What worked for me initially was the POSIX write() function:

  #include <stdlib.h>
  #include <unistd.h>
  
  int main(void)
  {
      int status;
      status = write(1, "Hello World!\n", 13);
      if (status < 0)  { return EXIT_FAILURE; }
      return EXIT_SUCCESS;
  }
-----

As someone else commented, fflush() gives the desired error response.

  #include <stdio.h>
  #include <stdlib.h>
  
  int main(void)
  {
      int status;
      puts("Hello World!");
      status = fflush(stdout);
      if (status < 0)  { return EXIT_FAILURE; }
      return EXIT_SUCCESS;
  }
-----

andreyv probably has the best alternative[1], which is checking fflush() and ferror() at the program's end and calling perror(). It's better because it outputs an actual error message on the current terminal, and you don't need to write a special error checking wrapper.
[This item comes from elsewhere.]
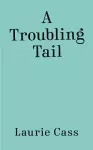 A Troubling Tail cover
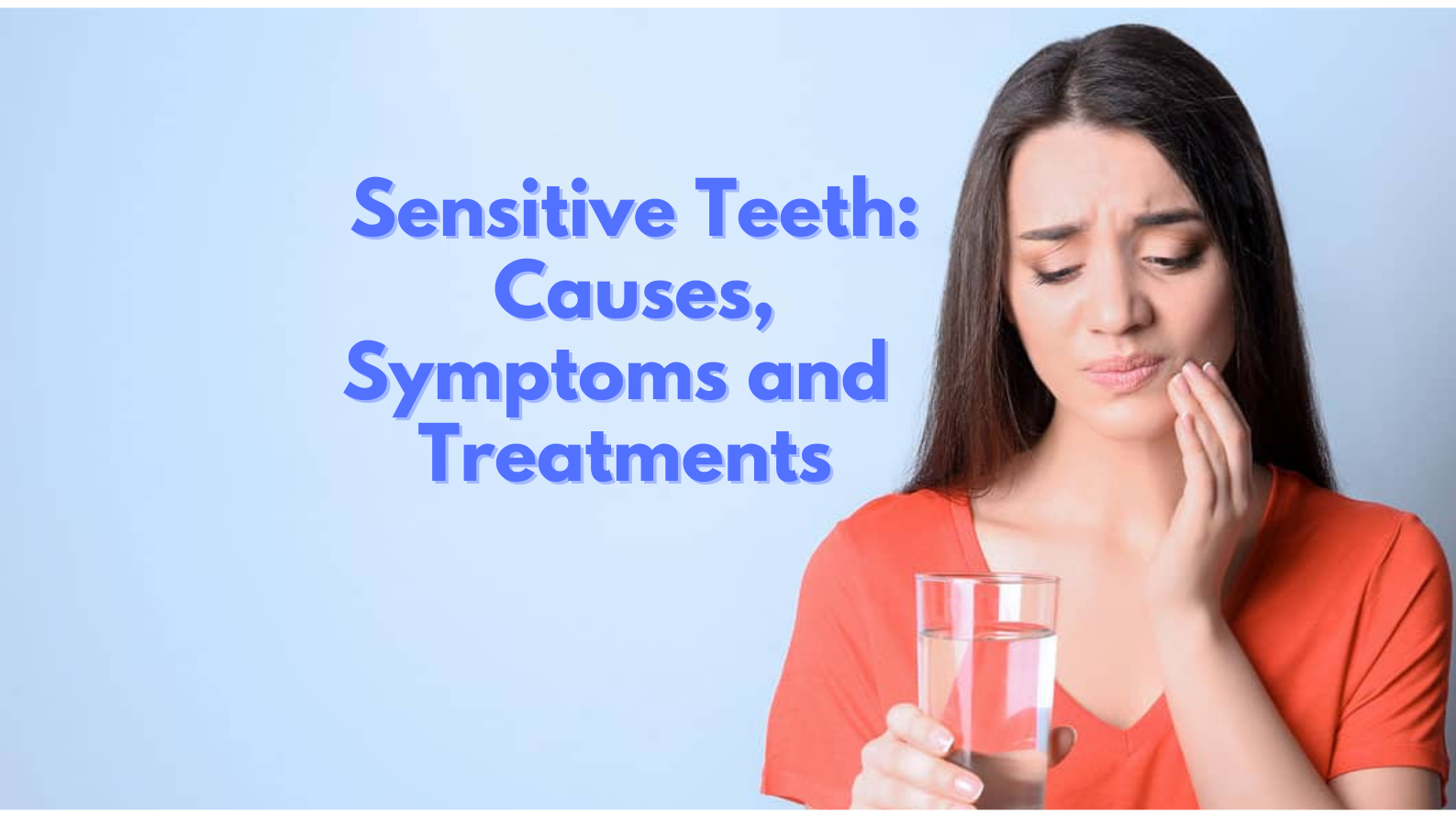 Sensitive Teeth: Causes, Symptoms and Treatments 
[1] https://news.ycombinator.com/item?id=30611924

unwind|4 years ago

I tried basically exactly that, and it didn't work for me.

On my test system (Ubuntu 21.10 on x86_64) the puts() call never fails.

I switched to a raw write() and that successfully catches it, by returning -1 when output is redirected to /dev/full.

Quite interesting, actually.

Karellen|4 years ago

puts(), like printf() and all the C-standardised "stdio" functions use buffered writes. So that is also buggy, because the buffer won't be flushed until after main() returns. You need to call and check the return value of "fflush(stdout)" manually to get the correct result.

jwilk|4 years ago

This still succeeds, because puts() is buffered.